The growth phase: The next high-risk phase for a business is expansion. Orders flow in faster than the business can meet them, requiring investment in new premises, additional equipment and resources. Fixed-asset loan values don’t expand to match the business growth but because debtor finance is secured against your invoices, it grows with the business, providing working capital to carry you out of the danger zone.

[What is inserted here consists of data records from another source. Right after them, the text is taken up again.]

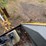 caterpillar-416b-image-66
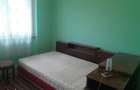 Apartament 2 Camere,Iancului,Metrou,bl.reabilitat,et.5/9,geam la baie - 16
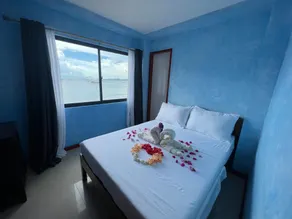 La Salangane Beach Hotel - Downtown - Image 2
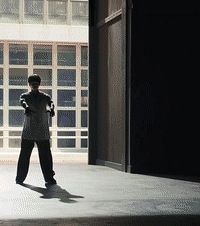 ��̫ɹ���������ñ�����լ��450ƽ��ֻ���·�������ס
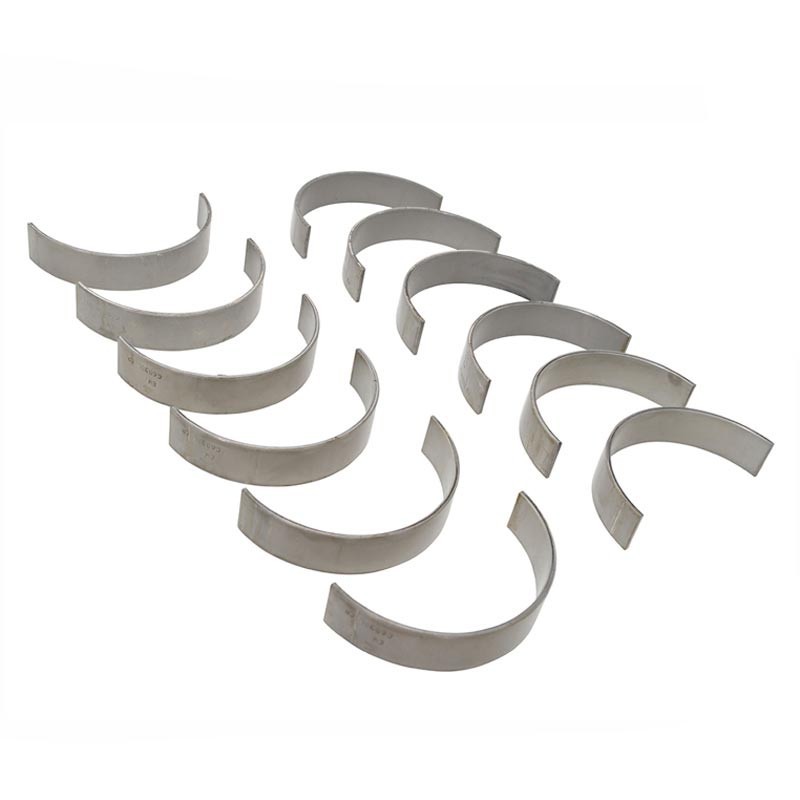 Set coussinets de bielle 2.7L & 3L TDV6 - standard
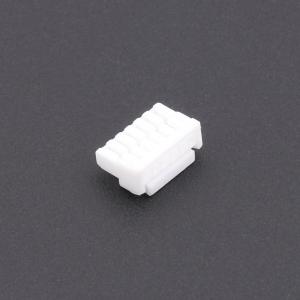 SH-GH1.25-6Y商品缩略图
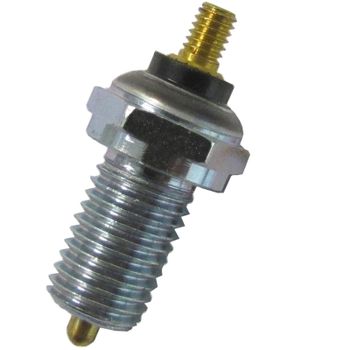 Sensor de punto muerto Honda CBX 1000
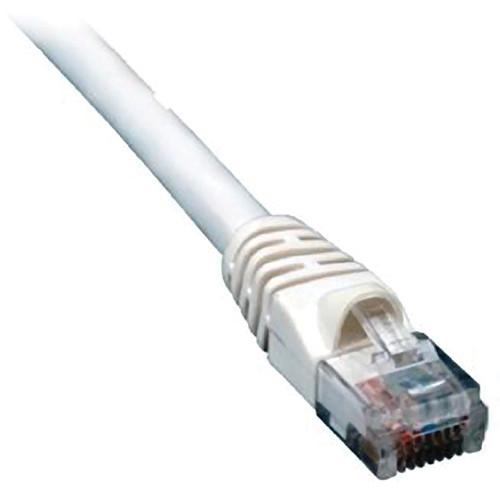 Comprehensive CAT5e 350 MHz Assembly Cable CAT5E-ASY-50BLK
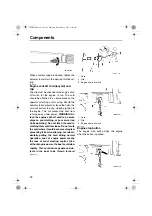 Preview for 28 page of Yamaha F9.9J Owner'S Manual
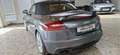Audi TT Roadster 2,0 TDI quattro s-line Competition Grau - thumbnail 36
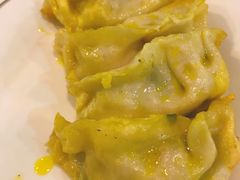 -蒋家桥饺面店(广陵路店)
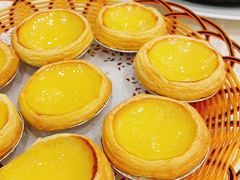 -大欢喜饭店(江怡路店)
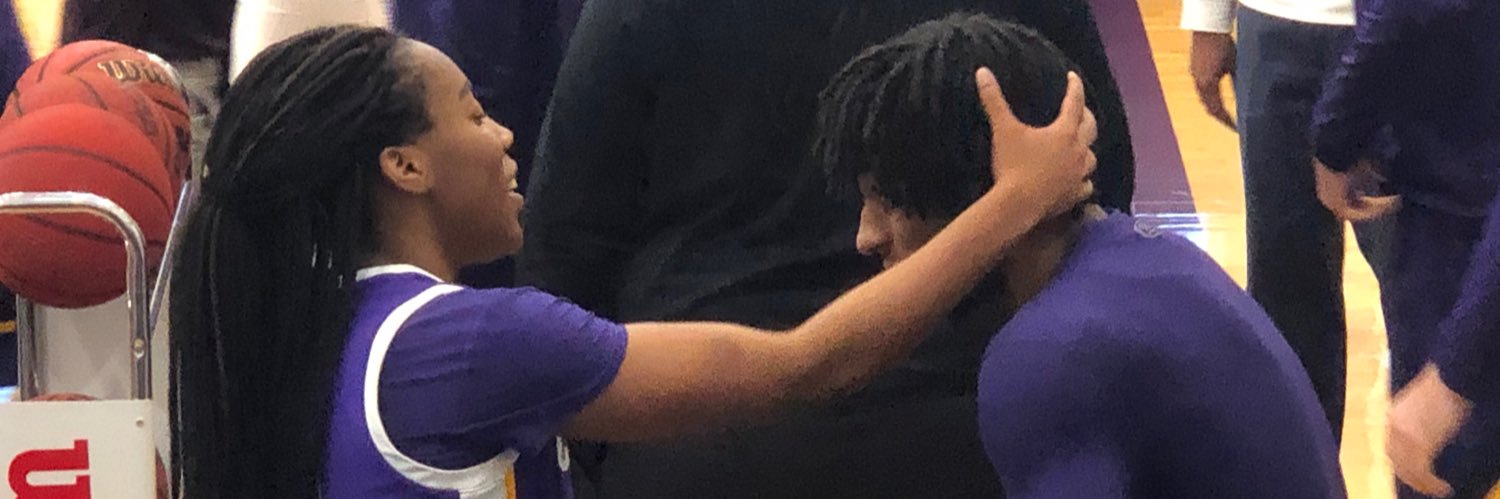 __TG____'s profile banner image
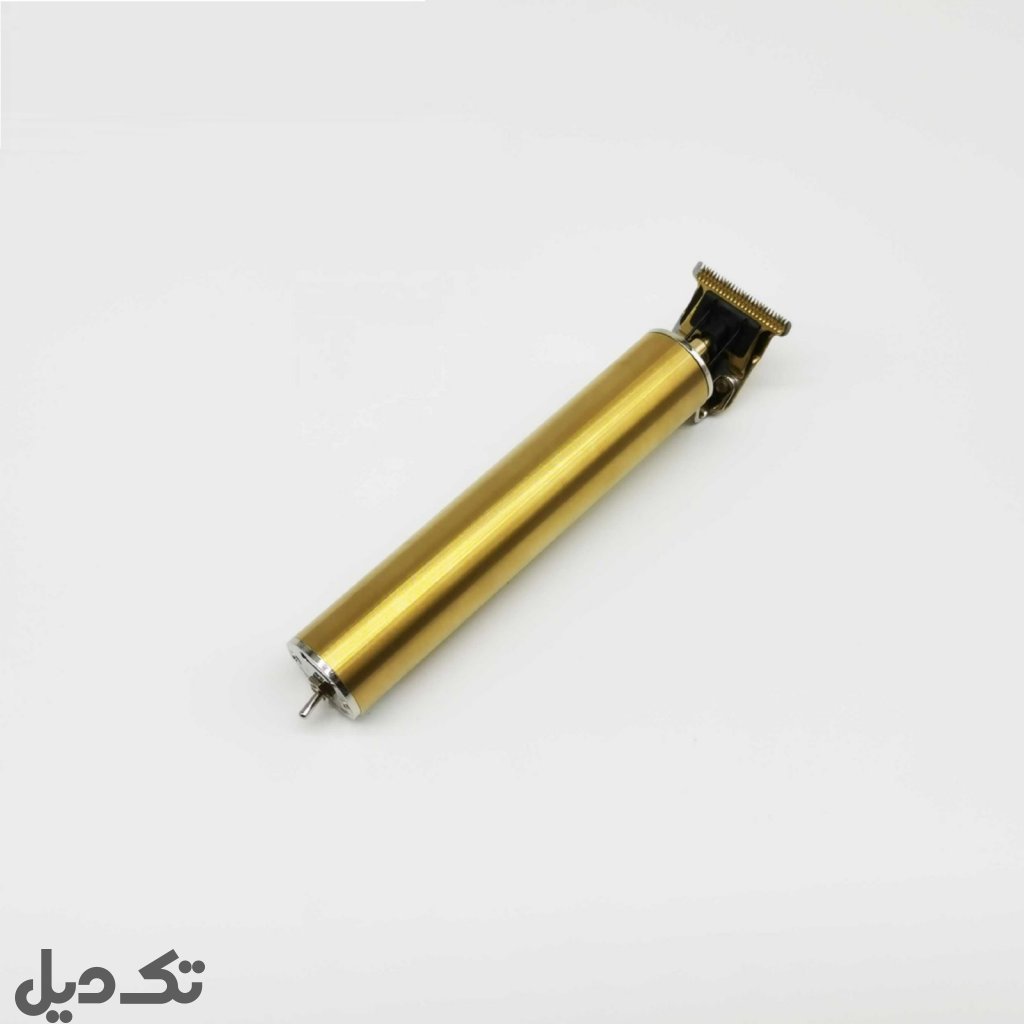 ماشین اصلاح وی جی ار 065 V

Maturity: If a business survives start-up and growth hurdles, it usually matures and plateaus. At this point, management usually opts to either: diversify into new product lines; grow through acquisition; or diversify into export markets. It is also likely to encounter partnership disputes, risk-management and potential restructures. Debtor finance helps with all of these challenges and examples follow:

  1. Acquiring a new product or brand requires upfront marketing and inventory expenditure as well as acquisition funding. So long as visibility is high and the debt structure is established in advance, debtor finance can be extended against the product’s existing sales to fund the purchase. While technically the business does not yet own the invoices, as with residential property, simultaneous settlement means the invoice discounting facility kicks in in a timely fashion. This substantially reduces the cost of acquisition and streamlines a business’s cashflow during the vulnerable, cash-tight acquisition period.
  2. Buying another business: This is a similar situation to product acquisition. Debtor finance is a superb tool for funding growth through acquisition because it becomes a self-perpetuating, self-feeding loop. A business can use its existing debtors to help fund a purchase then, once it owns the debtors of the new business, it can use those to purchase another business – and so the cycle goes. It is not uncommon for businesses in some industries grow from $1 million to $20 million in the space of a few years using debtor-finance funded acquisitions. This is usually the stage where a business adopts a group structure but lowers its risk by ensuring each entity funds itself.
  3. Exporters: Factoring allows exporters to offer open trading terms while retaining full guarantee against non-payment and gaining a cash-drawdown facility. No other form of finance offers this flexibility. In addition, outsourcing these collections removes the headache of collecting overseas payments during different time zones, handling different currencies, languages and banking procedures.
  4. Partnership and shareholder disputes: When one stakeholder in a business has property of a higher value than another, this often triggers disputes because the risk is unequally spread. Debtor finance allows businesses to remove personal security from a business-finance situation, solving this problem and de-risking personal assets. It can also be used to induce a new stakeholder with a desirable skill who is unwilling to place their property at risk.
  5. Customer insolvencies and concentration risk: It is not uncommon for a business to experience a serious customer insolvency. In these instances, they need an urgent cashflow injection to avoid suffering a similar fate. Debtor finance can be an excellent solution. Many businesses in Australia also suffer customer concentration.
  6. Restructuring: Sometimes businesses hit a rough patch and need to restructure. Most financiers reject businesses at this stage because the prognosis is poor but if the company has a debtor finance facility in place, businesses can buy the time they need to restructure, maintaining continuity of trading and paying staff as they transition.
  7. Diversification and recession-proofing: Debtor finance is critical to helping recession-proof a business. If a financer extends a line of credit based on the value of the house, or business, this will most likely tighten during recessions when asset values fall, placing a further squeeze on your business. But because cashflow finance is not tied to fixed assets but invoices, it offers great advantages in periods of economic downturn, helping de-risk the business by diversifying the funding base and building in greater flexibility during tough times.
  8. Business takeovers, Management Buyouts and buying out a partner: The final stage of the business cycle is when founders chooses to exit the business in a manner that hopefully protect their legacy and staff. Debtor finance is brilliant for funding business takeovers and is equally effective for management hoping to undertake a management buyout. At a simple level, a retiring principal may wish to leave the business in the hands of his trusted second-in-charge who may not be able to afford the purchase. By talking to your debtor finance provider and accessing the company’s working capital, a situation can be structured and executed to that effect.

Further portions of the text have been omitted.